Dr. Idso and others assert that this effect is likely to continue for the foreseeable future, ameliorating any negative impacts on plant growth from rising temperatures. More mainstream scientists, while stating that CO2 fertilization is real, are much less certain about the long-term effects, saying that the heat and water stress associated with climate change seem to be making forests vulnerable to insect attack, fires and many other problems.

“Forests take a century to grow to maturity,” said Werner A. Kurz, a Canadian scientist who is a leading expert on forest carbon. “It takes only a single extreme climate event, a single attack by insects, to interrupt that hundred-year uptake of carbon.”

It is possible the recent die-backs will prove transitory — a coincidence, perhaps, that they all occurred at roughly the same time. The more troubling possibility, experts said, is that the die-offs might prove to be the leading edge of a more sweeping change.

“If this were happening in just a few places, it would be easier to deny and write off,” said David A. Cleaves, senior adviser for the United States Forest Service. “But it’s not. It’s happening all over the place. You’ve got to say, gee, what is the common element?”

Tracking an Ebb and Flow

So far, humanity has been lucky. While some forests are starting to release more carbon than they take up, that effect continues to be outweighed by forests that pack carbon away. Whether those healthy forests will predominate over coming decades, or will become sick themselves, is simply unclear.

The other day, deep in a healthy New England thicket of oaks, maples and hemlocks, two young men scrambled around on their hands and knees measuring twigs and sticks that had fallen from the trees.

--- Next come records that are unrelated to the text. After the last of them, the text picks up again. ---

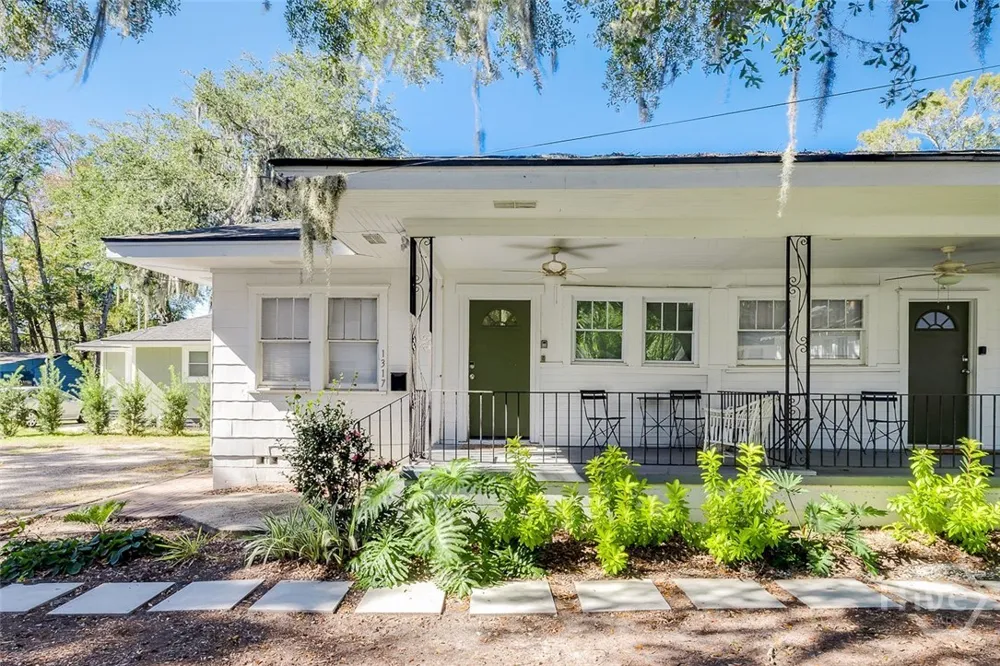 1317 E 38th Street Savannah, GA 31404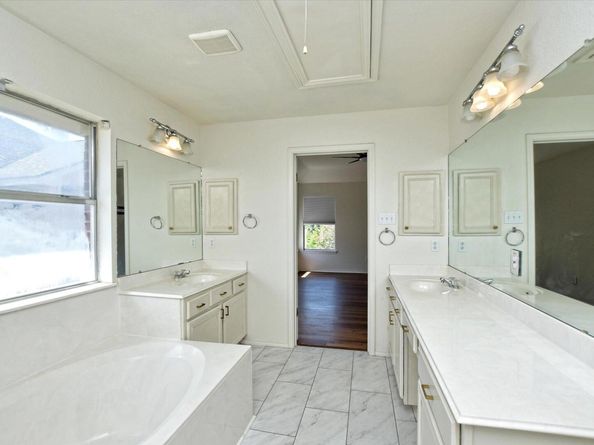 301 Gulfstream DR, Georgetown TX 78626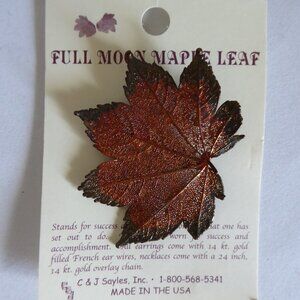 FULL MOON BRAND COPPER METAL DIPPED MAPLE LEAF LAPEL PIN BROOCH (NEW)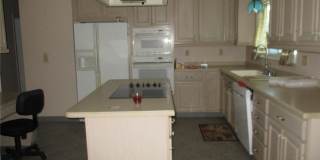8228 SAN JACINTO Avenue Gallery 3
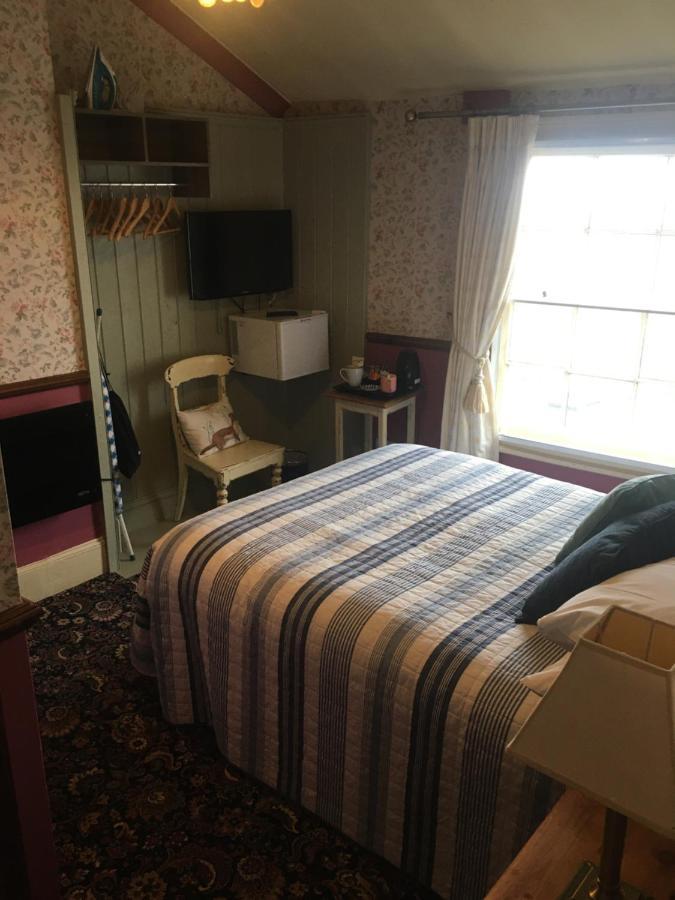 Regency House Bed and Breakfast Walton-on-the-Naze Εξωτερικό φωτογραφία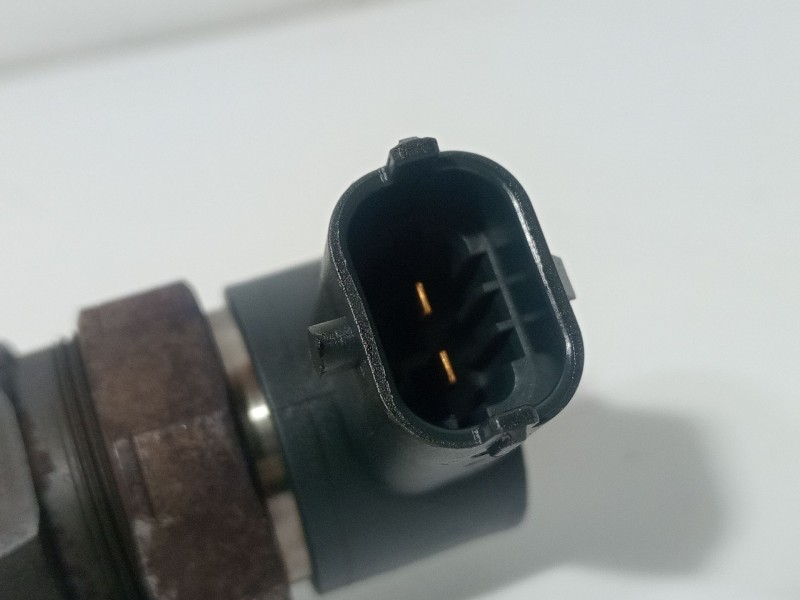 Recambio de inyector para opel insignia a (g09) 2.0 cdti (68) referencia OEM IAM 0445110327  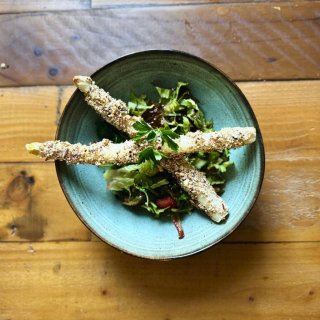 Weißer Spargel mit Nusskruste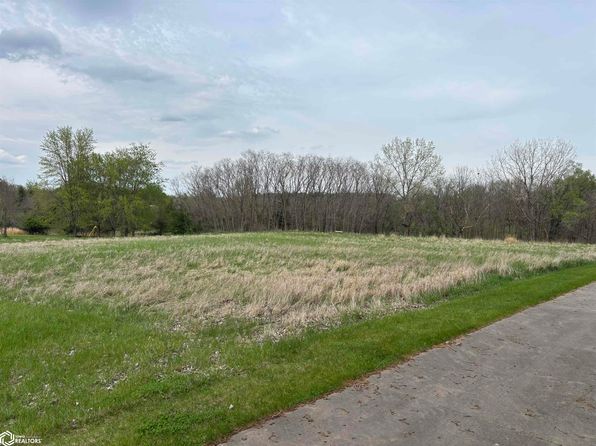 401 Pond Rd, Fairfield, IA 52556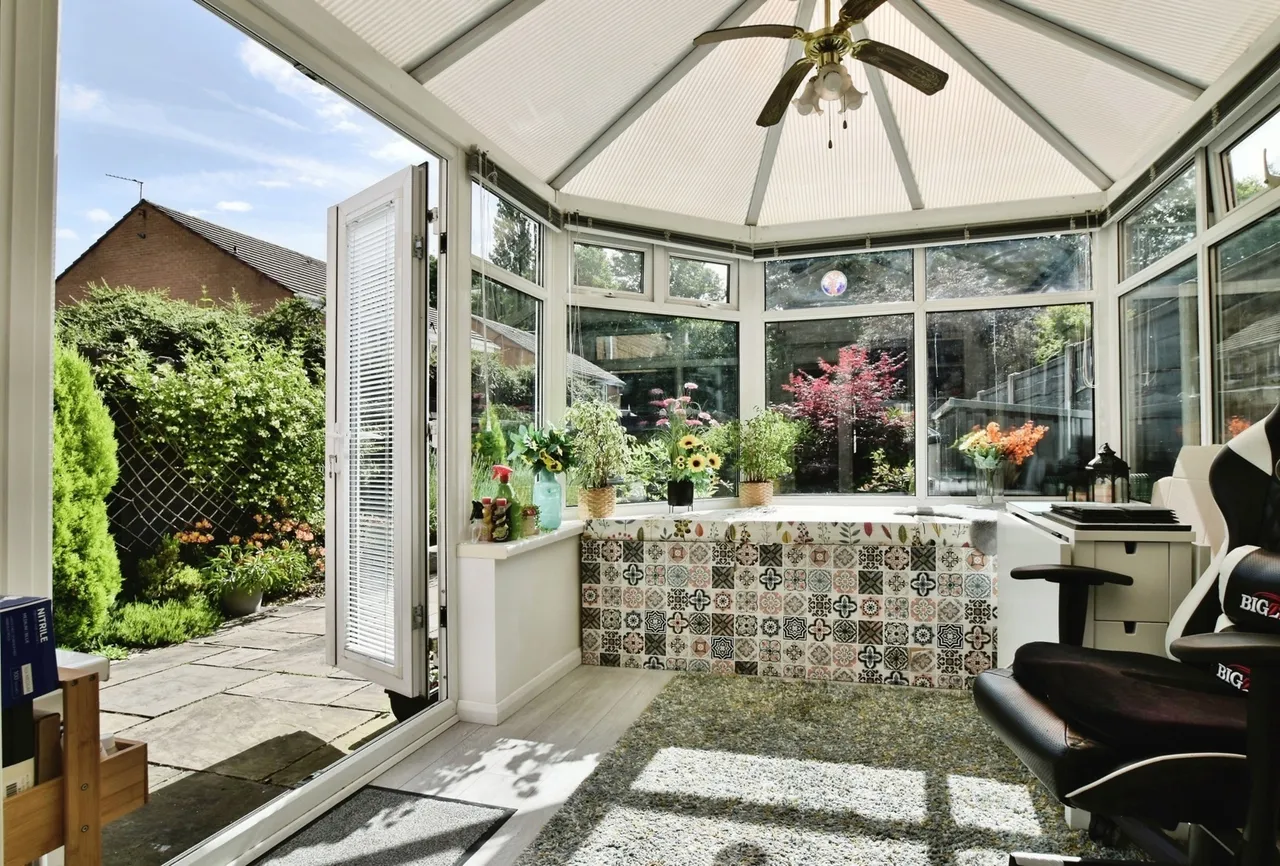 Inglesham Close, Manchester, Greater Manchester, M23, photo 5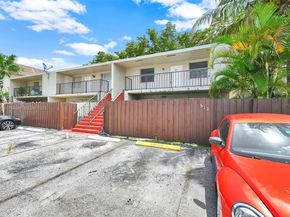 15655 SW 82nd Cir Ln 512, Miami FL 33193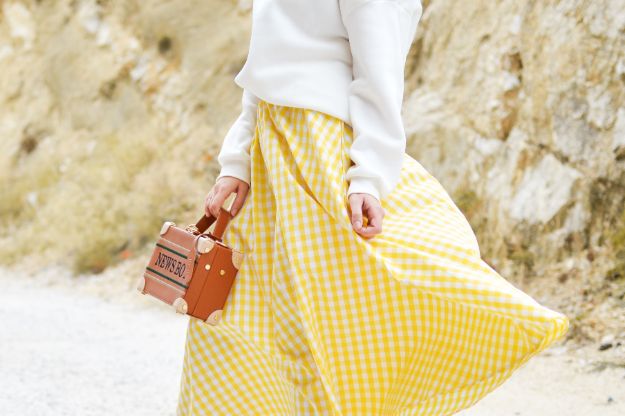 Check out Bring Out The Sunshine: Chic Yellow Outfit Inspirations For You at https://cuteoutfits.com/chic-yellow-outfit-inspirations-2/
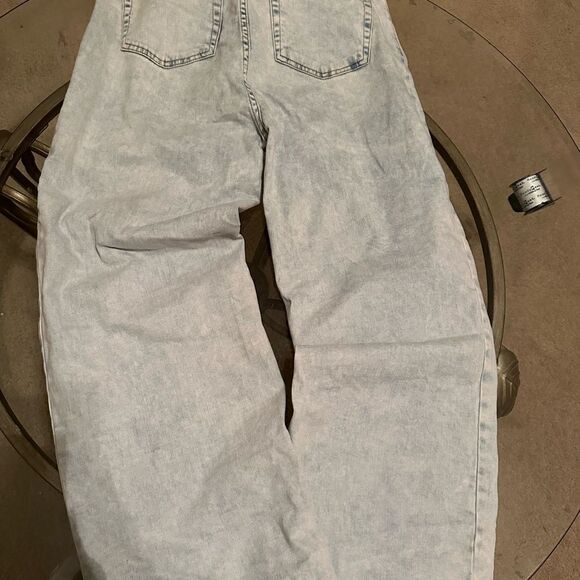 So wide leg light wash flare jeans - Picture 4 of 5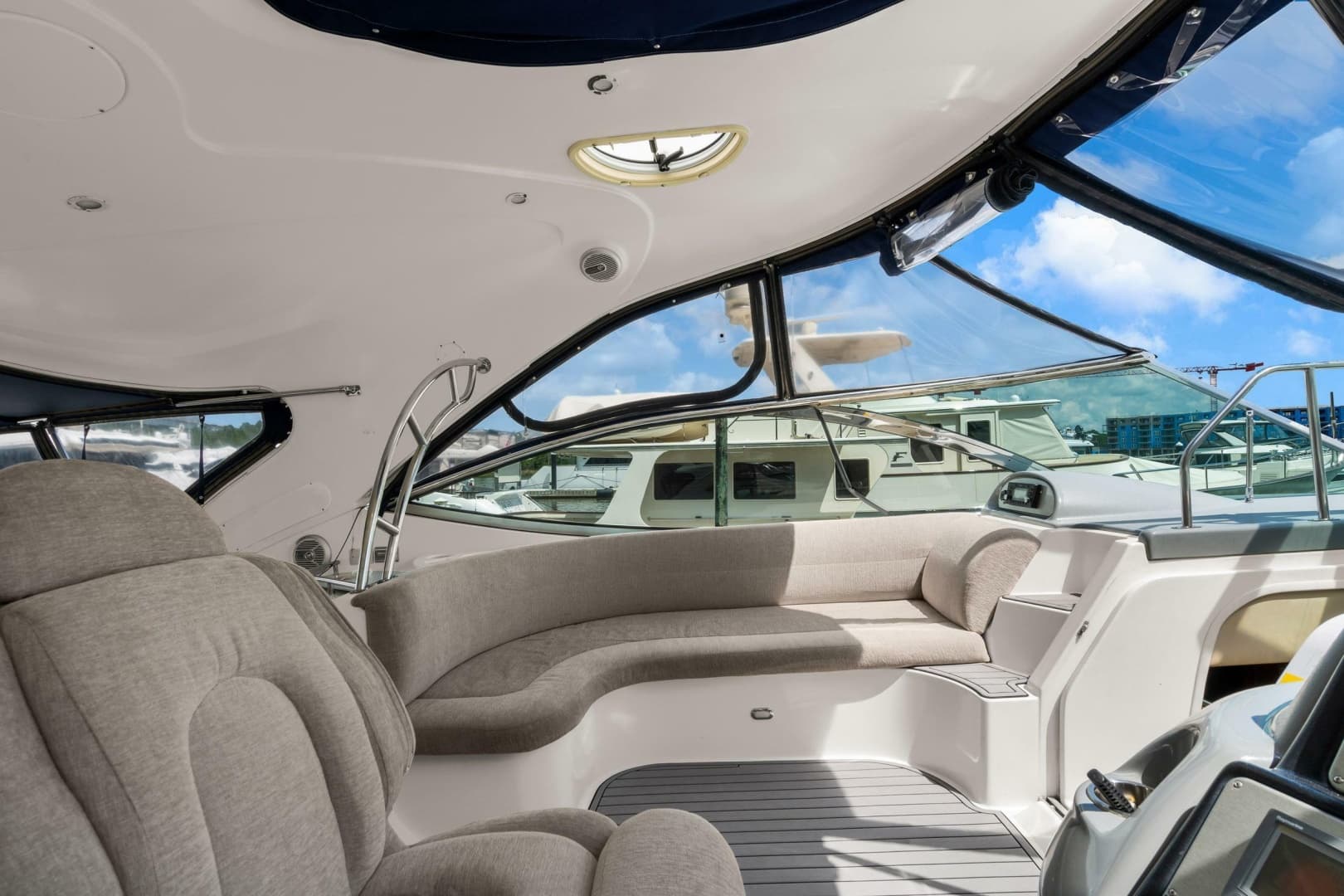 2005 Cruisers Yachts 520 Express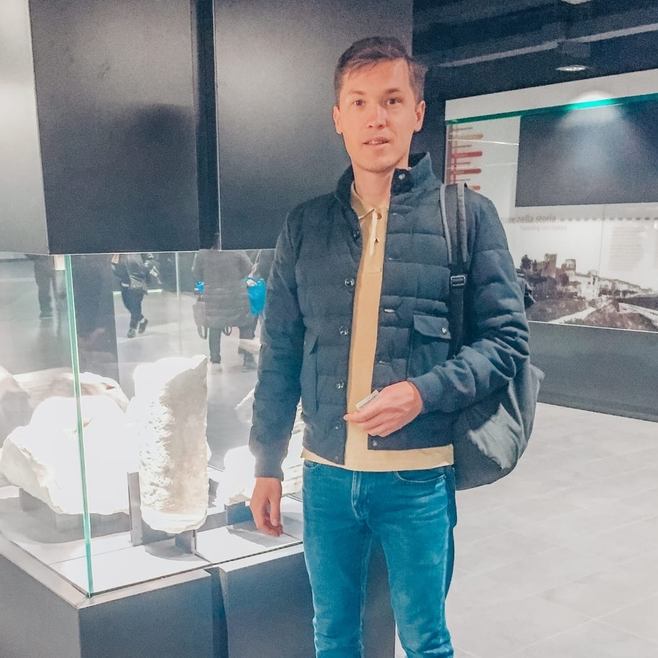 Сергей Карпов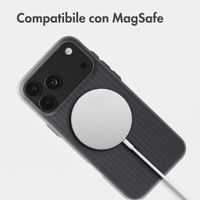 Accezz Cover Lite con MagSafe | Fluted | Apple iPhone 18 Pro / 17 Pro - Grigio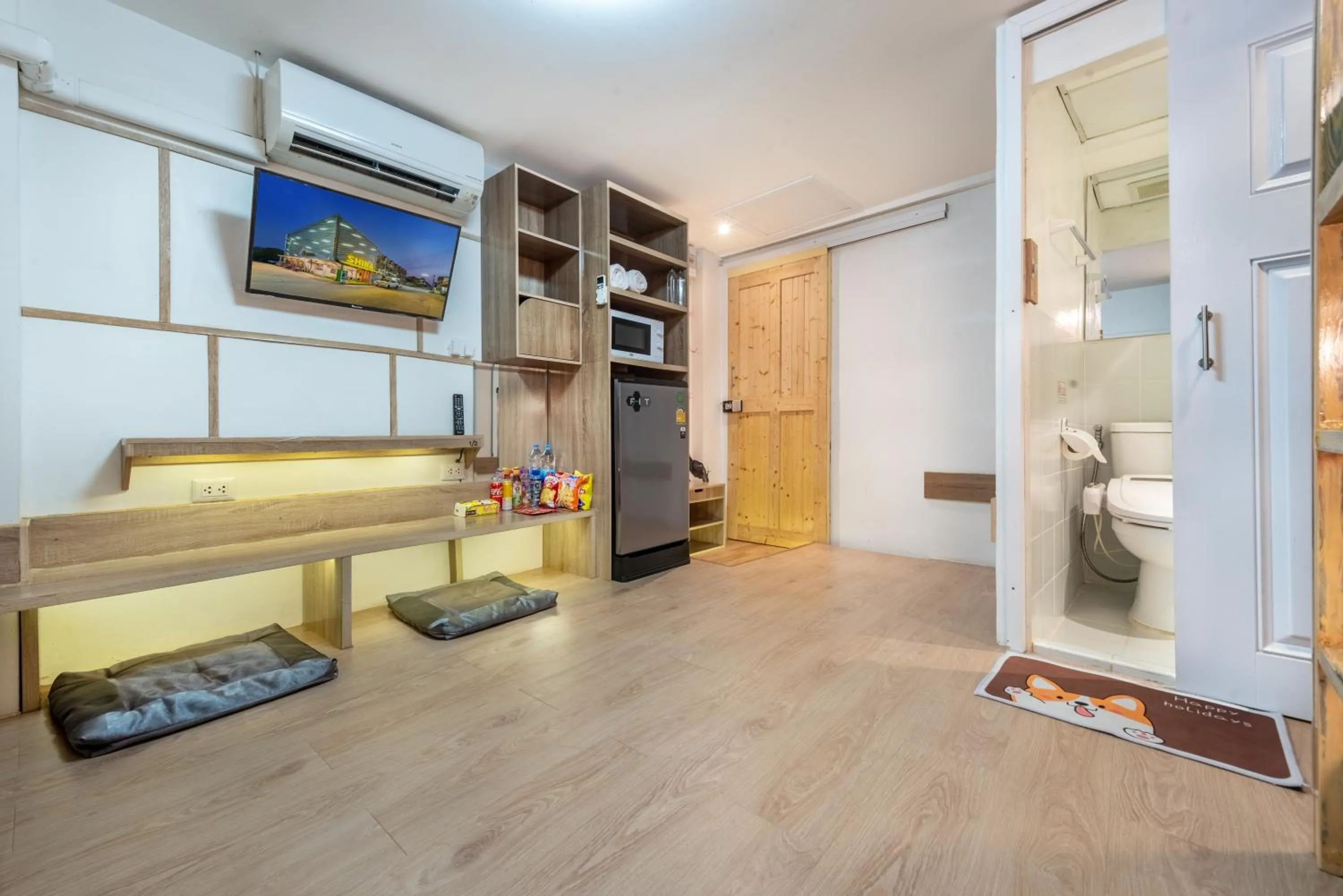 Photo of the whole room in โรงแรมชิบะรูม นครราชสีมา สาขามหาวิทยาลัยเทคโนโลยีสุรนารี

“What was the diameter on that?” asked Jakob Lindaas, a Harvard student holding a pencil and clipboard.

Leland K. Werden, a researcher at the university, called out a metric measurement, and they moved to the next twig. It was one of thousands they would eventually have to measure as part of an effort to tell how fast the wood, knocked off the trees in an ice storm in 2008, was decaying.

The debris they were cataloging would not have struck a hiker as anything to notice, much less measure, but the Harvard Forest, 3,000 acres near Petersham, Mass., is one of the world’s most intensively studied patches of woods. The work the men were doing will become a small contribution toward solving one of the biggest accounting problems of modern science.